Aron Reyr Sverrisson è nato e cresciuto a Reykjavik, in Islanda: qui ha studiato all’Accademia di Belle Arti per poi approfondire gli studi a Roma.
Sverrisson è un pittore di ricordi: in questi trova il nutrimento per la sua arte, con cui racconta i luoghi dei suoi viaggi (soprattutto immaginari) e della sua infanzia, tramite pennellate piene di affetto e nostalgia.
Ampi spazi, ritratti con fedeltà e precisione, sono orchestrati da una geometria severa e un uso sapiente dei colori: scenografie studiate con meticolosità, in cui la componente vivente è percepibile, ma non appare mai. L’artista prepara macchine del tempo dove noi, assieme a lui, possiamo rivivere i ricordi. Nelle sue tele dà spazio al vuoto, quello che avvolge l’intimità più cara.

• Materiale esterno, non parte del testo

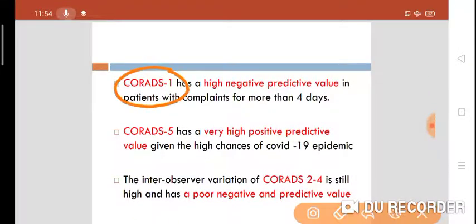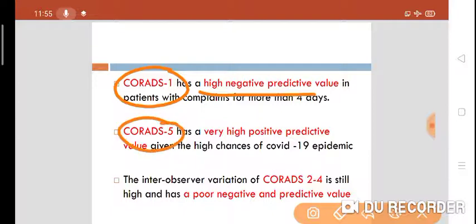CO-RADS score 1 has a very high negative predictive value in patients with complaints for more than 4 days after exposure or contact with a positive patient or after symptom onset. When CO-RADS score is 5, it shows a very high probability of COVID-19 illness and a high chance of COVID-19 in an epidemic or pandemic setting.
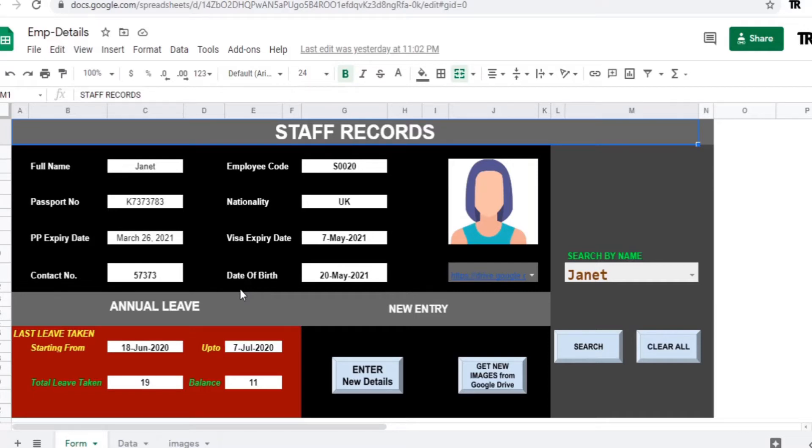Hello and welcome. Today we are going to learn about retrieving image files from Google Drive to Google Sheet cells. By using these images,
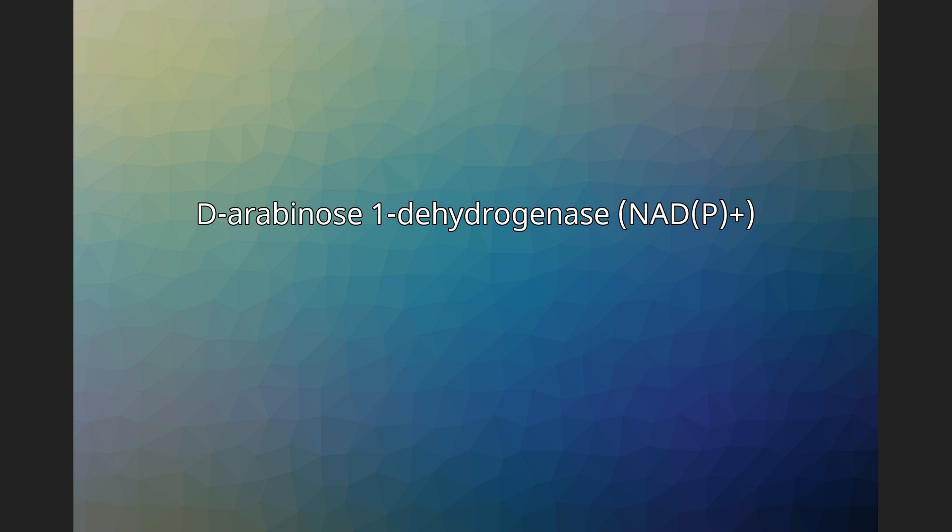D-arabinose-1-dehydrogenase (NAD+), in enzymology, a D-arabinose-1-dehydrogenase (NAD+), EC 1.1.1.117, is an enzyme that catalyzes the chemical reaction.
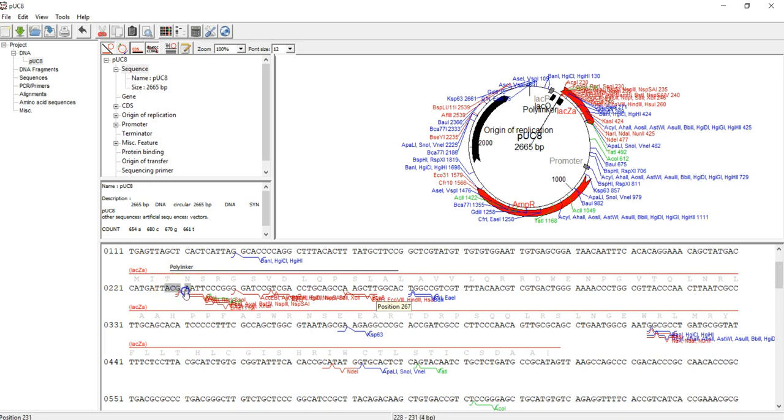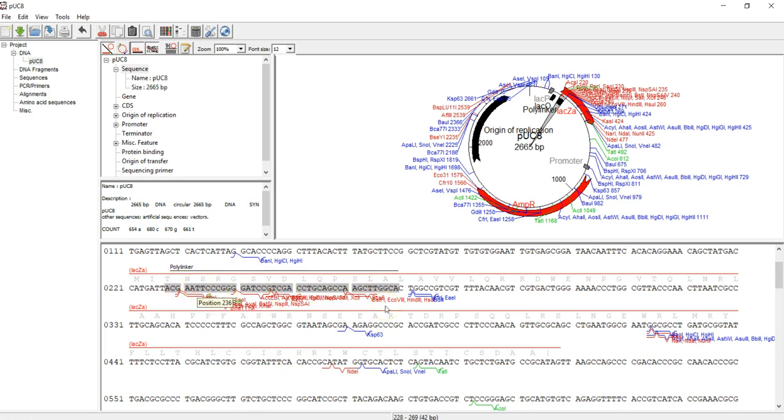So let's see how to select specific restriction enzymes that we're interested in. We're going to focus on the polylinker region because those restriction enzymes within the polylinker region should be specific to this region, which means there's only one cutting site within the polylinker region. These are the ones going to be useful for cloning process.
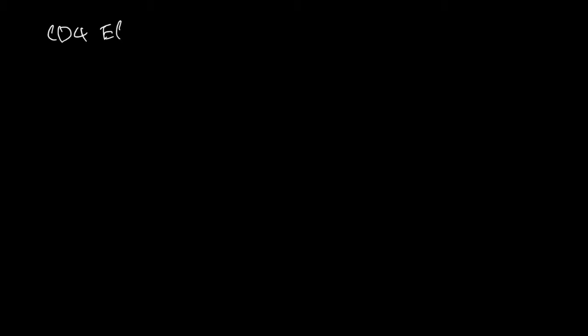Hi, this is Quatt, and in this video, I want to tell you about CD4 effector T cells, specifically T follicular helper cells.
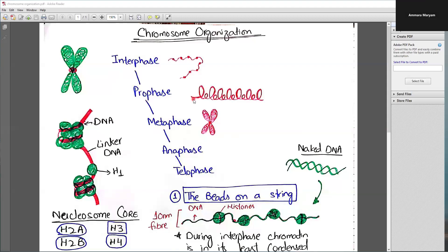Assalamu alaikum, welcome to my lecture. In this video we'll talk about chromosome organization, so stay tuned till the end because you are going to learn many interesting things about genome and chromosome organization. Let's start.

Nelle sue opere racconta la tensione che c’è nell’assenza, quando il vuoto riempie di sé tutto lo spazio. La pittura ha pulizia formale e precisione minuziosa, con i toni scuri dell’arte nordica; descrive scorci di lande deserte e sconfinate o interni abbandonati, su cui incombono pochi oggetti, relitti che sembrano familiari eppure misteriosi.
La solitudine non è
angosciante ed il vuoto non è spettrale: è la solitudine che l’artista ha
imparato a conoscere e ad amare fin da bambino, a contatto con la natura
immensa e selvaggia della sua terra, o con l’immaginazione sollecitata dalle
fotografie, dal cinema e dalla musica dall’affascinante mondo degli anni ’50 in America, dove i nonni hanno
vissuto.
I ritratti d’ambiente funzionano come palcoscenici, dove avviene un dialogo tra gli oggetti, protagonisti del loro silenzio.“Quando dipingo mi sento come un regista che allestisce il set per le riprese e il quadro è una sorta di palcoscenico per la mia coscienza”, spiega Sverrisson. “Il mio intento è che lo spettatore lo possa utilizzare a sua volta come teatro per i propri ricordi e sentimenti”.Con una pittura misurata ed essenziale, che evita le descrizioni didascaliche, l’artista riesce a trasmettere a chi guarda il quadro la sensazione di partecipare all’evento che descrive. Le impalcature tra gli edifici sembrano alludere a un ponte, ancorché precario, tra due esistenze. Sono scenari quotidiani e inaspettati, familiari e inquietanti, sempre affascinanti, in cui l’uomo, invisibile, è come sottinteso. Ne avvertiamo la presenza e ne immaginiamo l’esistenza, perché sentiamo l’eco dei suoi passi, vediamo le tracce del suo passaggio, gli oggetti che ha usato. La stanza o il paesaggio non sono che il pretesto e la metafora per imbrigliare e trattenere qualcosa di inafferrabile: la coscienza, i pensieri, le emozioni. Compongono una sorta di autobiografia per immagini, ricreando l’atmosfera di precisi momenti e luoghi della vita dell’artista, in cui lo spettatore è invitato a entrare e a curiosare, a confrontarli con il proprio vissuto o a immaginare storie e personaggi. La luce, che cade dall’alto, come a teatro, o filtra da una finestra, esercita la sua azione morbida sulla povertà degli ambienti, rivestendoli di una grazia inaspettata.